Facts of the Case

Provided by Oyez

In 2005, a jury convicted John Montenegro Cruz of first-degree murder for the 2003 killing of a Tucson police officer and sentenced Cruz to death. The Arizona Supreme Court affirmed Cruz’s conviction and sentence, and the U.S. Supreme Court denied his petition for a writ of certiorari.

 

In 2012, Cruz filed a petition in state court for post-conviction relief, which the court dismissed, and the Arizona Supreme Court denied review.

 

In 2014, Cruz initiated federal habeas proceedings. In 2016, while those proceedings were ongoing, the U.S. Supreme Court decided Lynch v. Arizona (Lynch II), holding that the Arizona Supreme Court had misapplied precedent. Cruz then filed a second petition for post-conviction relief. Ordinarily that second petition would be barred, but state law provides for an exception if there was an intervening “significant change in the the law.” Cruz argued that the decision in Lynch II was a signficant change in the law, that it applies retroactively, and would probably overturn his sentence.

 

The Arizona Supreme Court concluded that Lynch II was not a significant change in the law and was instead based on precedent well established at the time the defendant was convicted and sentenced.


Questions

  1. Is the Arizona Supreme Court’s ruling that a state rule of criminal procedure precluded post-conviction relief an adequate and independent state-law ground for the judgment against him, thereby precluding review by a federal court?

Conclusions

  1. The Arizona Supreme Court’s holding below is not an adequate state-law ground supporting that judgment and thus does not preclude federal court review. Justice Sonia Sotomayor authored the 5-4 majority opinion of the Court.

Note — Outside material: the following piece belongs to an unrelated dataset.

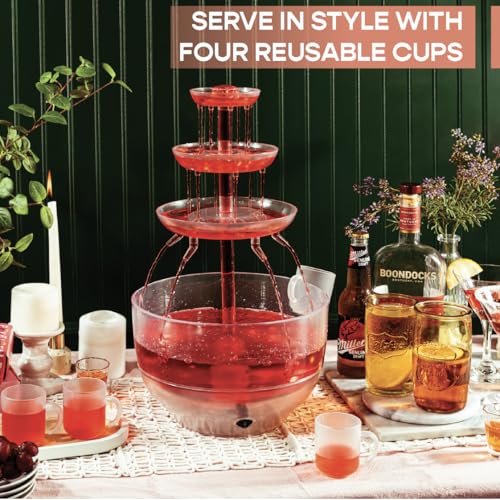 1.5 Gal 3 Tier LED Drink Fountain with 4 Reusable Cups Z87961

    If the judgment of a state court rests on “adequate and independent state-law grounds,” the Supreme Court will not decide a simultaneously presented question of federal law. Generally, a state’s procedural ruling is adequate to foreclose a review of a federal claim.

    The Arizona Supreme Court’s decision holding that Lynch v. Arizona, 578 U.S. 613, did not represent a “significant change in the law,” as it was entirely new and conflicted with existing state law. Because the interpretation was so novel and unforeseeable, it cannot constitute an adequate state procedural ground.

    Justice Amy Coney Barrett authored a dissenting opinion, in which Justices Clarence Thomas, Samuel Alito, and Neil Gorsuch joined, arguing that the Court should have given the “utmost deference” to the state court’s interpretation of its own precedent and that it failed to do so.